> **DATA FOR PROCESSING**
:::::

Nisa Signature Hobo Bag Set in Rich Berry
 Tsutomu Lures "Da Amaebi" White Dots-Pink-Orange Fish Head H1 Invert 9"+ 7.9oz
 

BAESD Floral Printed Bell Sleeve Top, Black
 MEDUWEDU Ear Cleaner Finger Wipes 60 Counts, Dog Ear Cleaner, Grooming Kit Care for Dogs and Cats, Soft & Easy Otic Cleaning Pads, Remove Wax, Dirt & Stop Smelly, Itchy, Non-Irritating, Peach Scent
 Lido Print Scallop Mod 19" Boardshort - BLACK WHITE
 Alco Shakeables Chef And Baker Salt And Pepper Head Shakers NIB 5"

:::::

Restate the data above word for word. Leave nothing out.

Nisa Signature Hobo Bag Set in Rich Berry
 Tsutomu Lures "Da Amaebi" White Dots-Pink-Orange Fish Head H1 Invert 9"+ 7.9oz
 

BAESD Floral Printed Bell Sleeve Top, Black
 MEDUWEDU Ear Cleaner Finger Wipes 60 Counts, Dog Ear Cleaner, Grooming Kit Care for Dogs and Cats, Soft & Easy Otic Cleaning Pads, Remove Wax, Dirt & Stop Smelly, Itchy, Non-Irritating, Peach Scent
 Lido Print Scallop Mod 19" Boardshort - BLACK WHITE
 Alco Shakeables Chef And Baker Salt And Pepper Head Shakers NIB 5"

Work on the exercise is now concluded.